His music has been performed nationally by such groups as The Chesapeake Orchestra, Inscape Chamber Orchestra, The Atlantic Reed Consort, and The Great Noise Ensemble. Since 2015 he has served as composer-in-residence for the Pikes Falls Chamber Music Festival in Vermont, and in 2018 his music will be part of Composing in the Wilderness in Denali National Park and the Fairbanks Arts Festival, AK. Awards and accolades include an American Music Center CAP award, the Walsum Prize, an Atlantic Center for the Arts residency under composer/musician Henry Threadgill, and the Ithaca College Smadbeck Prize.
His music was released on the Inscape Chamber Orchestra’s Grammy-nominated release Sprung Rhythm on the Sono Luminus label, and his chamber symphony was released on Inscape’s 2014 record American Aggregate. As a jazz pianist he has performed at several venues in New York City including ShapeShifter Lab and Club Bonafide, and he has released two jazz LPs: Micro-Orchestra a chamber jazz collaboration with saxophonist Kurtis Adams, in 2015; and MOB RULE, his piano trio album, in 2018. Nathan holds degrees in composition from Ithaca College (BM) and the University of Maryland (DMA). He currently serves as Assistant Professor of Music at Fordham University where he teaches classes in music theory, jazz, and music production.
2018 Commissioned Work:
Nameless Empire is a piece for string octet and bass/baritone voice that weaves a historical narrative about man’s relationship with wilderness spaces, drawing from Native American creation myths, primary documents and the writings of major 20th century conservationists. Commissioned by the Jackson Hole Chamber Music Festival, this piece takes the natural environment of the festival’s location in the Greater Yellowstone Ecosystem as a starting point to trace changing human viewpoints on the Rocky Mountains ranging from the sacred (a Shoshone creation story), the human instinct to civilize and conquer (John C. Fremont’s report on the summiting of the Wind River range), and finally leading to the epiphany that humankind itself is part of a larger wilderness community and that our presence there is transient and intrusive (the writings of Aldo Leopold and Edward Abbey). The singer inhabits each of these writer’s voices in a multi-movement piece that ultimately concludes with the realization that the mountain wilderness is a nameless empire unto itself, more expansive and more timeless that any of man’s own creation.
Past Artists in Residence
Todd Kosharek (2017)
Todd Kosharek received his BA in Art History from the University of Wisconsin – Milwaukee focusing his attention on eighteenth to twentieth century painting. Through these studies, he learned various approaches to technique, color theory, composition, as well as the importance of art with in the fabric of society through out the ages. This understanding has been an important factor in his choice of subject matter.

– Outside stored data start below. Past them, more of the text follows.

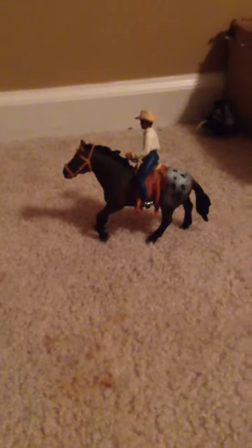Hi guys, I'm just going to be showing you a video tour of my Schleich Horse Barn, so let's get started.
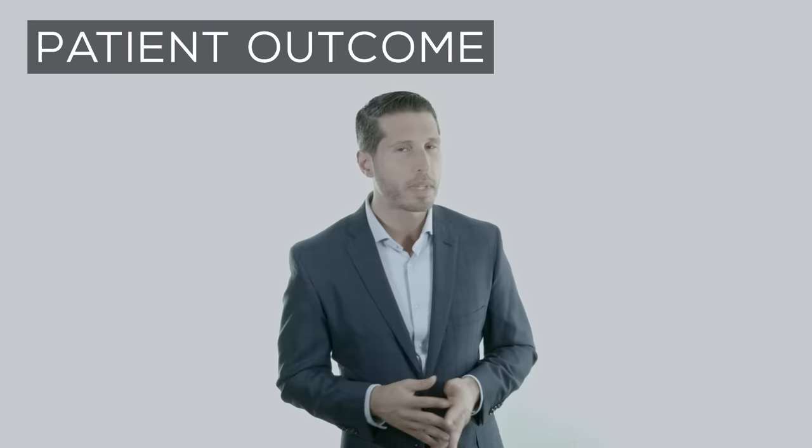Remember, severe facial aging requires more work. And in the end, the goal is a great natural result, so always plan ahead. A great result takes time. Here are this patient's results at 6 months post-procedure.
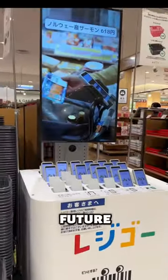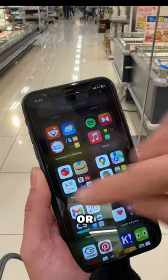Japan is really living in the future. Let me show you why. This is a self-checkout system at a supermarket in Japan. You can either use their smartphones or yours.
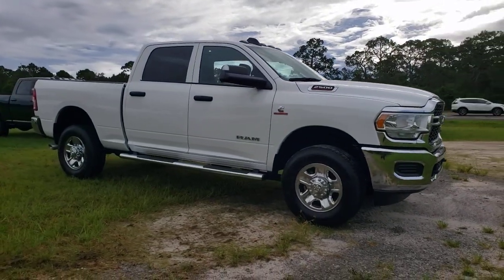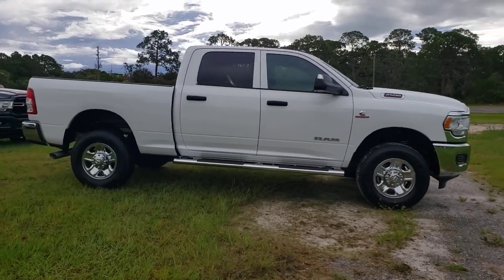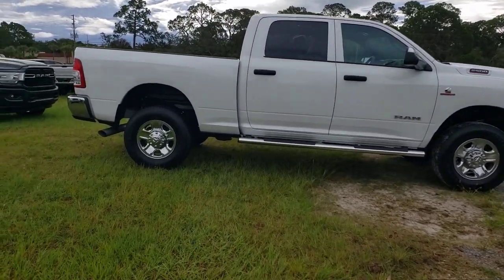The Ram 2500 has what it takes to get the big jobs done right. It's infused with heavy-duty capability, connected, convenient, comfortable, and built to last.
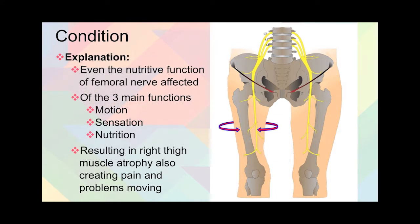When it comes to explaining the condition, doctors have said that even the nutritive function of the femoral nerve was affected. So not only motion and sensation, but also the nutrition supply to the muscle. And that nerve injury resulted in right thigh atrophy, as well as pain and movement problems.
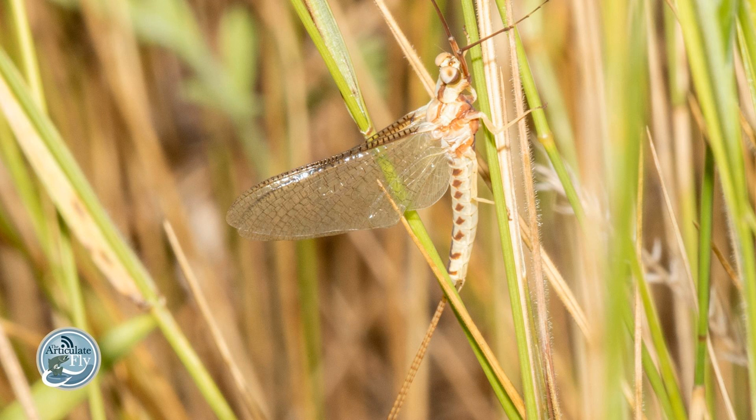Hey folks, it's Marvin Cash, the host of the Articulate Fly, and we're back with another Matt the Hatch with Matt Green. We're up here at Highlands Biological Station, just outside of Cashiers in Highlands, North Carolina, teaching folks about EPTs — Ephemeroptera, Plecoptera, and Trichoptera — those are the Mayflies, Stoneflies, and Caddisflies. Just hanging out, doing some teaching and field work with the students.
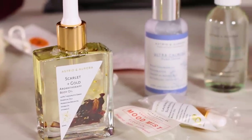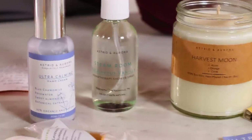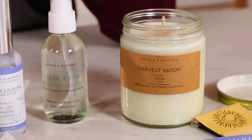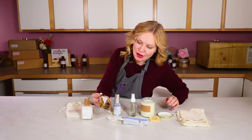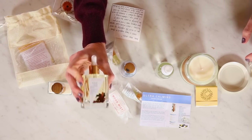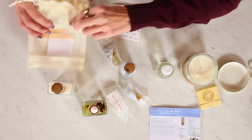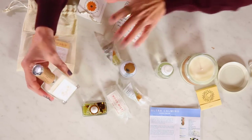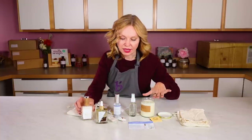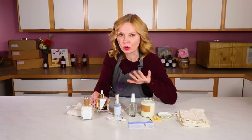Rachel sells her products at her own retail store, at local holiday markets, and of course online. She has a goal of opening more stores across the country, which is awesome. This product is gorgeous — the branding is really cohesive. These sets would make a great gift for anybody, and I personally cannot wait to use this facial cream, light the candle, and try this body oil. It's gorgeous.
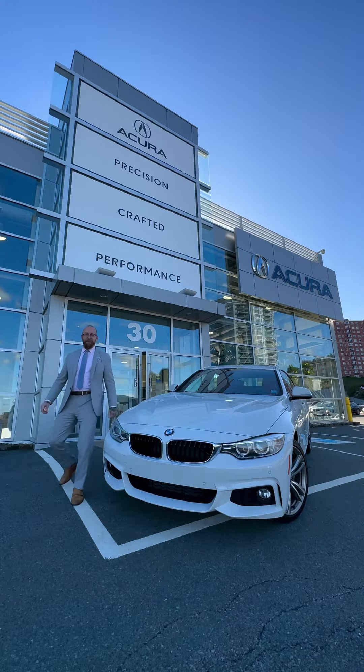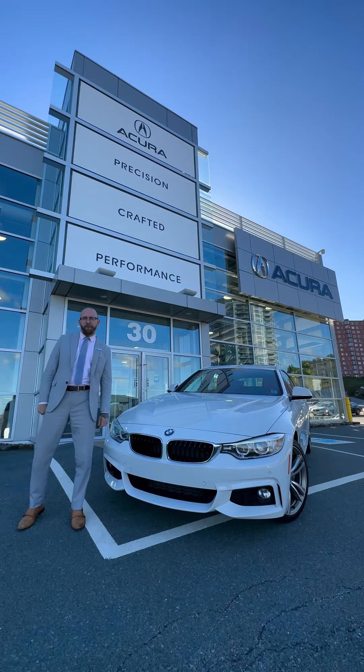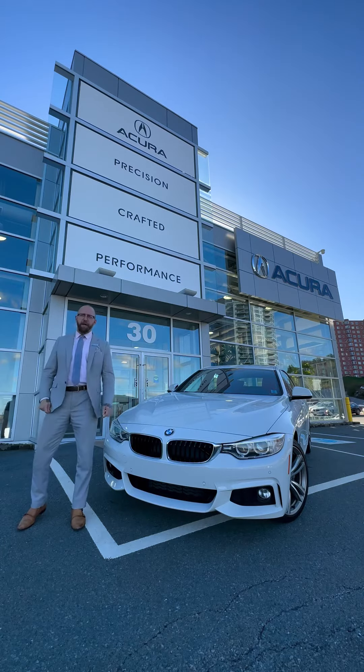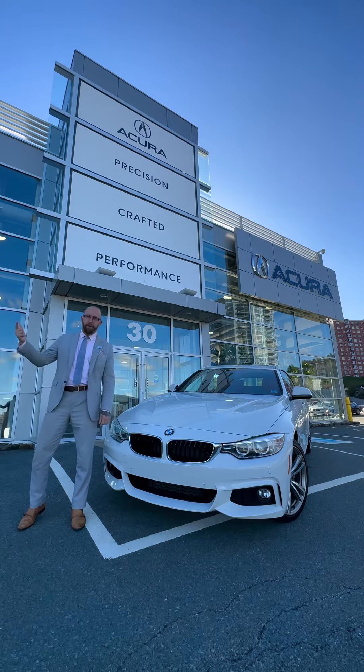Hey everybody, it's Matt back from Atlantic Acura, back today with Dalton who's behind the camera again, to help me showcase this beautiful 2017 BMW 430i Grand Coupe. Let's check it out.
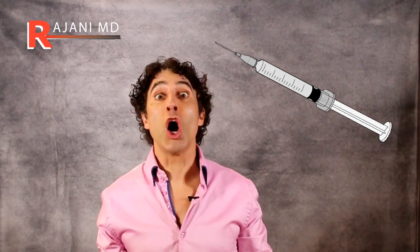Hi, I'm Dr. Johnny. Is one vial of filler really all you need?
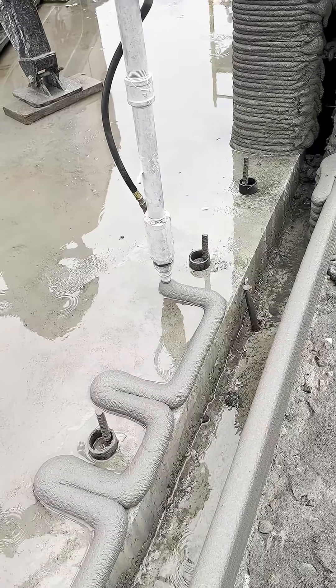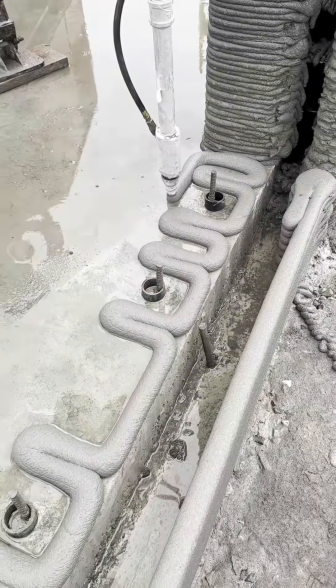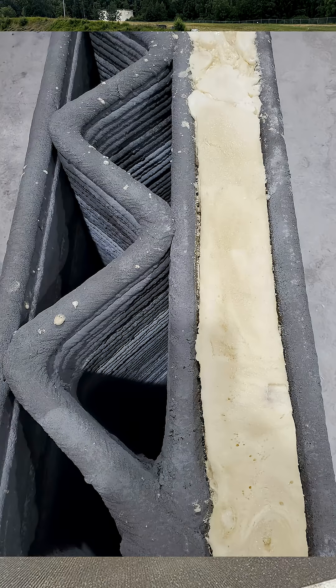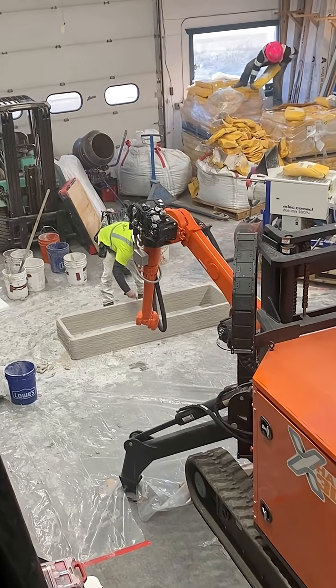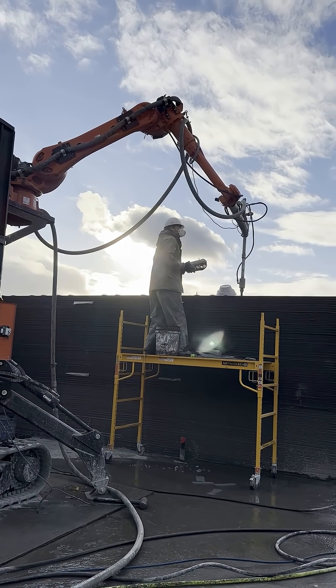What you're seeing here is more than just concrete being printed. It's the start of a new approach to building resilient, affordable homes for Alaska and Arctic communities worldwide. Every step of this project pushed us to learn — the barges and aircraft deliveries, local aggregate and materials testing, the weather and weather delays, and the on-the-ground training with local crews.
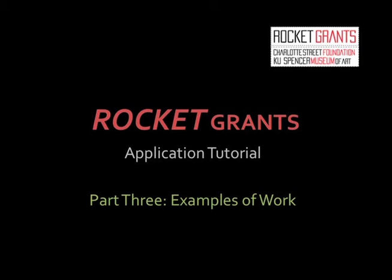Hello and welcome to part 3 of the online tutorial series that's been designed to help you make an application to the Rocket Grants program. In the next two sections I'll show you some examples of work that will help you understand the scope and intention of this grant.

Todd studies art history while painting full time in his home studio in Jackson, Wyoming, where he has lived since 2000. He regularly takes portrait commissions and paints Wyoming landscapes. In 2007 he started his series of paintings exploring the symbolic qualities of the origami paper crane for which he is best known. The Origami Crane Series is an on-going collection of interior paintings exploring the Japanese prayer tradition of folding 1,000 cranes. These paintings are contemplations on memory, place, and time. He has also explored the concept of the origami crane as a universally accepted symbol of peace in his on-going “Project” series. Todd has work in private and public collections through out the United States and in Paris, France. His work is represented by Altamira Fine Art in Jackson, WY and Scottsdale, AZ.